Why Products Preserve Riemann Integrability: A Local Oscillation Proof

This note proves that if f and g are Riemann integrable on a compact interval, then their product fg is also Riemann integrable.

There are several standard ways to prove this theorem. One common route is to use upper and lower step-function approximations, sometimes after splitting the functions into positive and negative parts so that multiplication behaves monotonically. That approach is correct and efficient, but it also introduces extra machinery because products do not interact with upper and lower bounds as cleanly as maxima do unless one controls signs.

The proof in the PDF below takes a different route. It works directly with local oscillation. Instead of asking how to multiply lower and upper approximations, it asks a simpler and more flexible question:

How much can the product fg move on a small interval?

The key identity is the elementary difference expansion

f(x)g(x) − f(y)g(y) = (f(x) − f(y))g(x) + f(y)(g(x) − g(y)).

This identity exposes the mechanism. If f and g are bounded, then the movement of the product is controlled by the movement of f and the movement of g. More precisely, on any subinterval I,

oscI(fg) ≤ Mg oscI(f) + Mf oscI(g),

where Mf and Mg are bounds for the absolute values of f and g. Once this local estimate is obtained, the rest of the proof is the Darboux criterion: choose a common refinement of good partitions for f and g, sum the local oscillation estimates, and make the upper-lower gap for fg arbitrarily small.

The point of this proof is not just to establish the theorem. The point is to practice a reusable analysis maneuver: expand the difference at two points, isolate the genuinely varying pieces, use boundedness to absorb coefficients, and convert local control into global integrability.

This is why the local oscillation method is worth studying. In elementary cases, it may look slightly more hands-on than the slickest available proof. But the method scales well.
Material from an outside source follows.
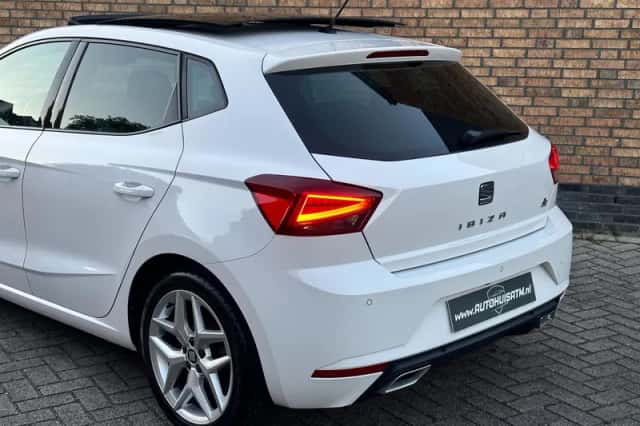 SEAT Ibiza (2017) thumbnail 5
In harder problems, especially when terms interact in less symmetric ways, one often cannot rely on a clean algebraic identity or a perfectly packaged abstraction. One has to open the expression, track how each part moves, and build the estimate directly.

So this note is meant as a proof workout. The theorem is classical, but the proof pattern is important: localize, compare values at two points, expand the difference, control each term by known oscillations, and sum over the partition.